EXERCISE INSTRUCTIONS: Produce the lines from the one containing "A modern kitchen" through the end of the material exactly as they appear, both ends included, and leave the pictures out.

(GIVEN RECORDS begins)

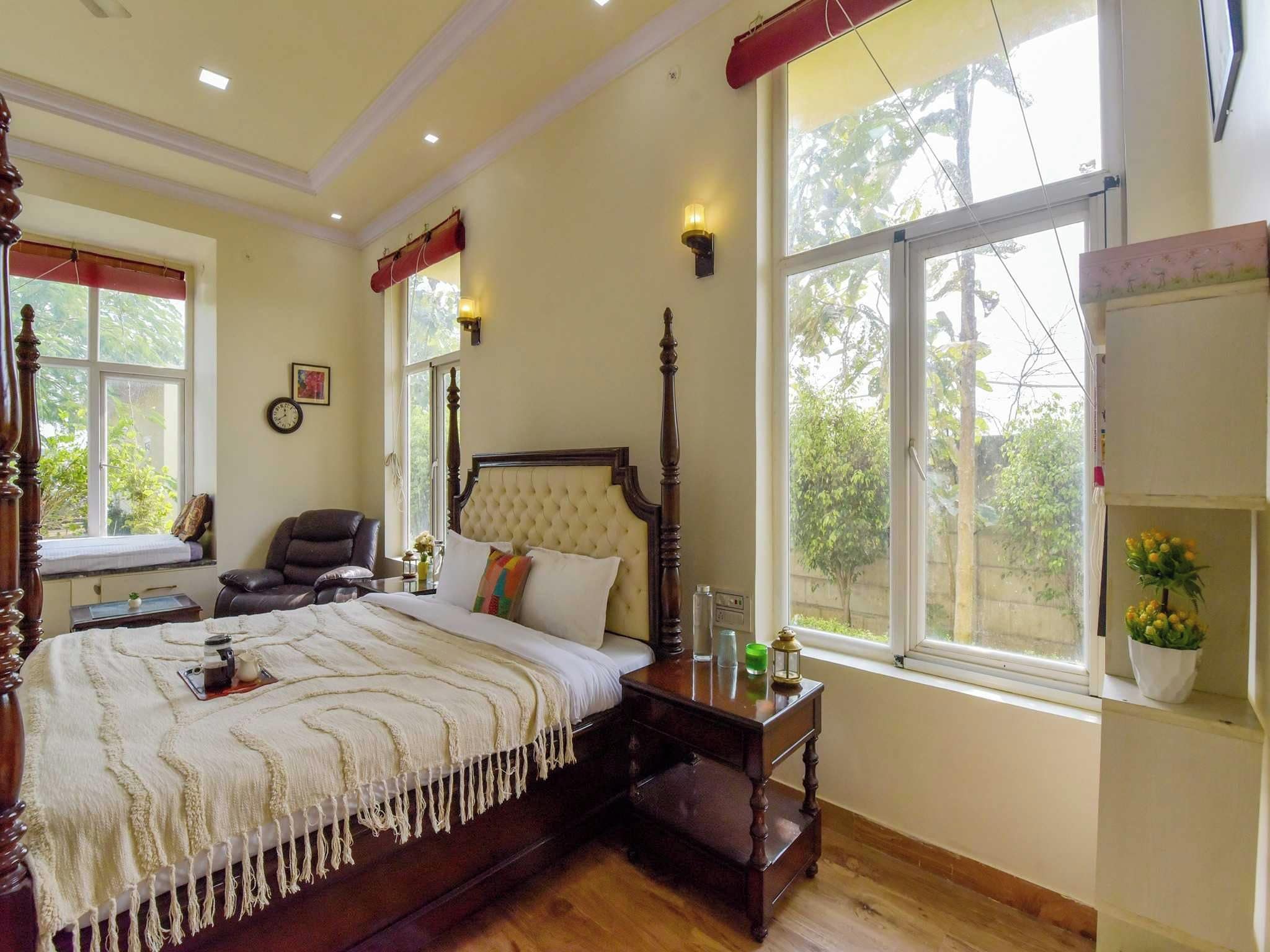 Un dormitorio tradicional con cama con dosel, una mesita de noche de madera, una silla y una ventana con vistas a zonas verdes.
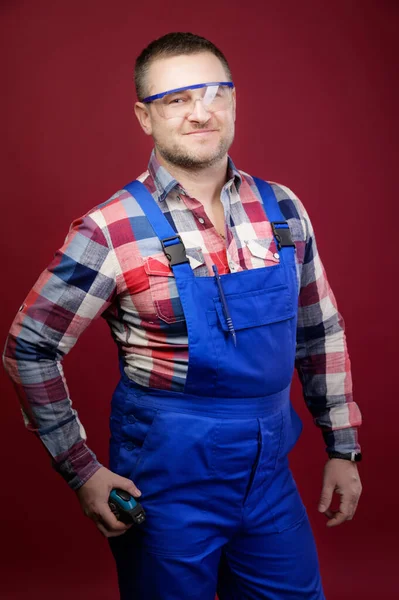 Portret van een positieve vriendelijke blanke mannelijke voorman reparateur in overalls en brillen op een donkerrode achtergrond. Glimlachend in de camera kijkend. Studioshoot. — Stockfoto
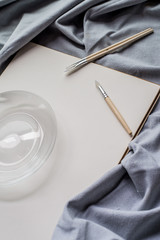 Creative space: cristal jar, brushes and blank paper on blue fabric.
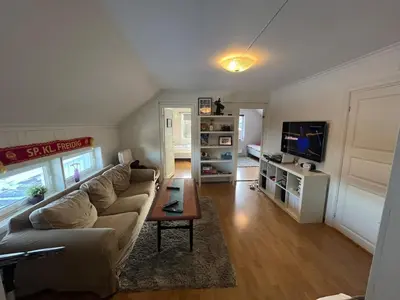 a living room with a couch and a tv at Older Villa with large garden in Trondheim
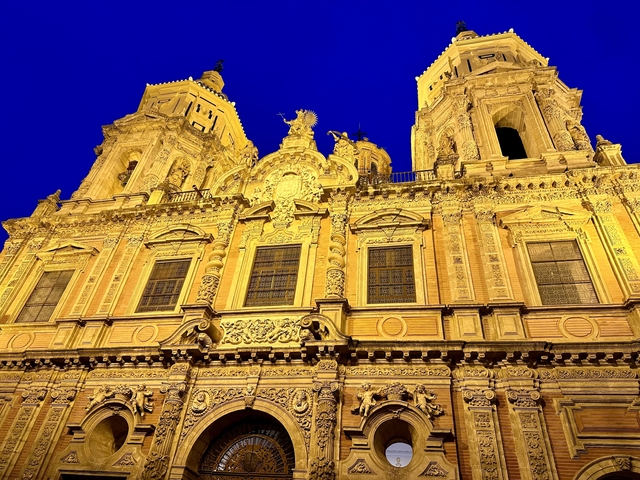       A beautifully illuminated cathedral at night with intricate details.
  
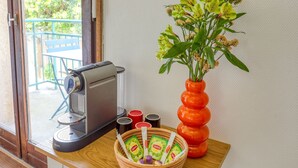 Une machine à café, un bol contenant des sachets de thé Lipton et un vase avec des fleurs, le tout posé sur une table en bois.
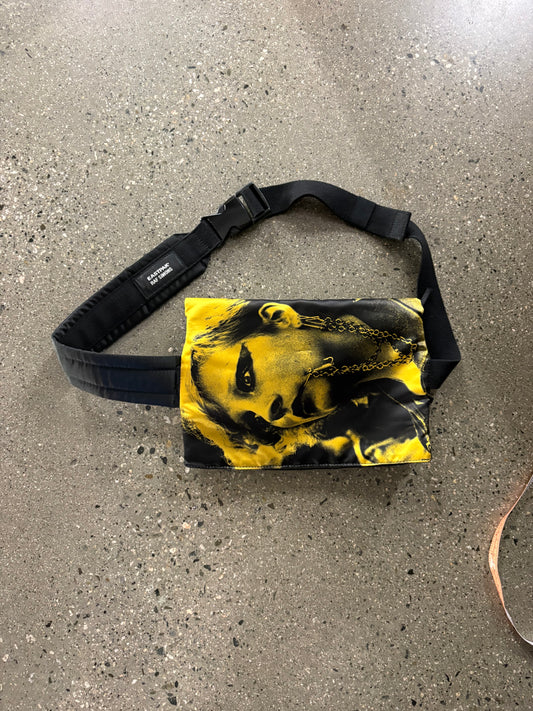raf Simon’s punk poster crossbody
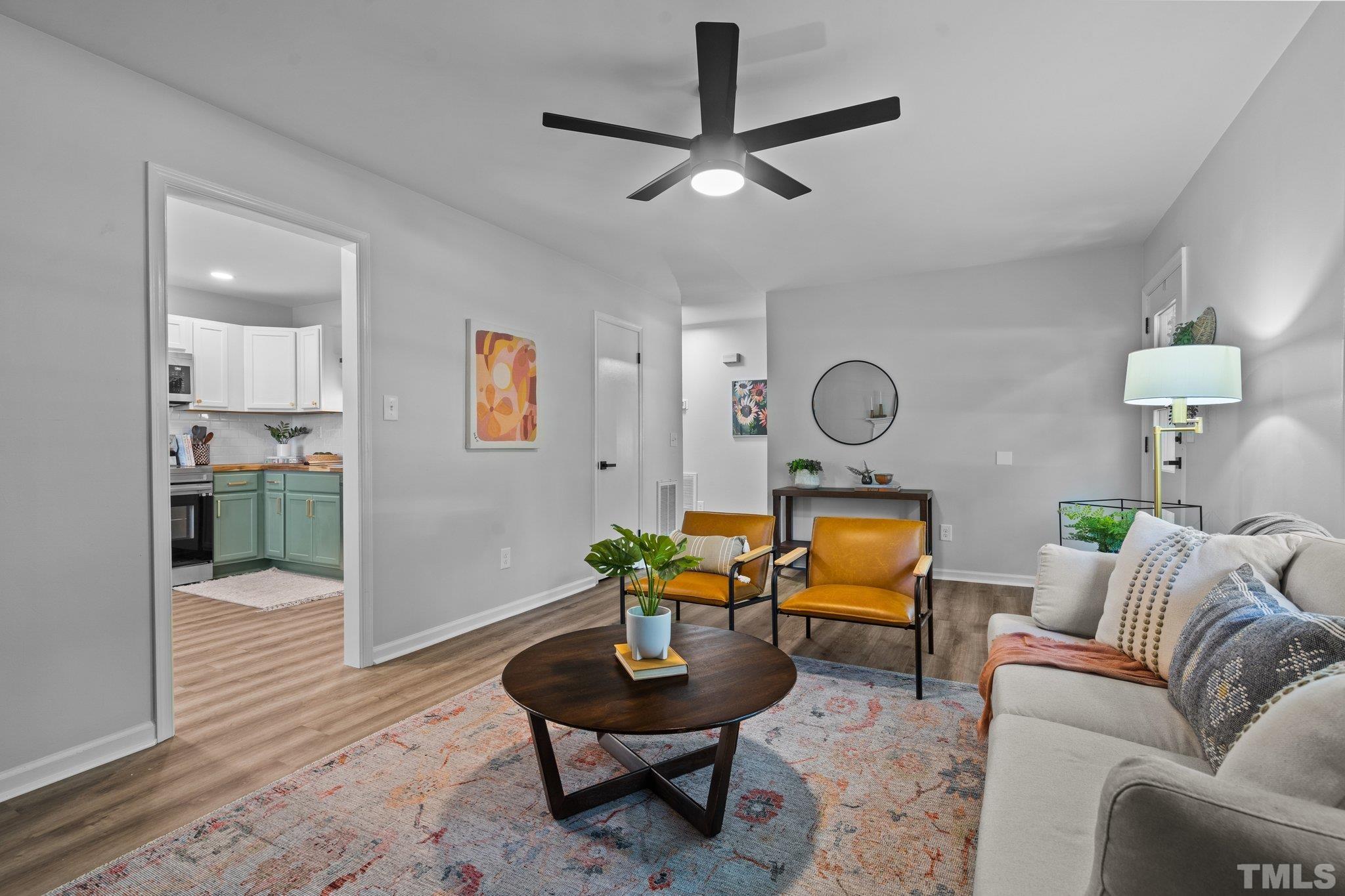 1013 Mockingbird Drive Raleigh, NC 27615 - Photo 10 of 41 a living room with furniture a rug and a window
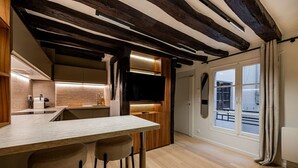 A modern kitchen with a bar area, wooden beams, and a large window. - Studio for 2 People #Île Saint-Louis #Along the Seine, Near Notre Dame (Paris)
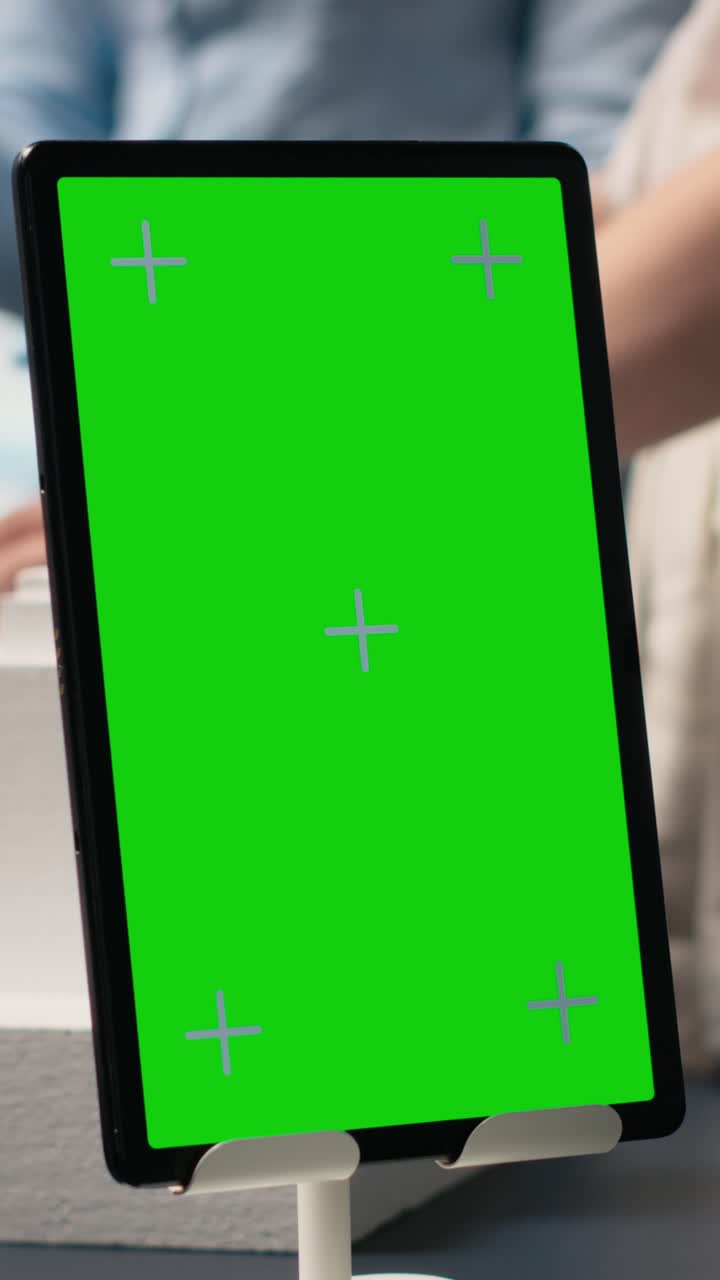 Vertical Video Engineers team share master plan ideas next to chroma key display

(GIVEN RECORDS ends)

RESPONSE:
 A modern kitchen with a bar area, wooden beams, and a large window. - Studio for 2 People #Île Saint-Louis #Along the Seine, Near Notre Dame (Paris)
 Vertical Video Engineers team share master plan ideas next to chroma key display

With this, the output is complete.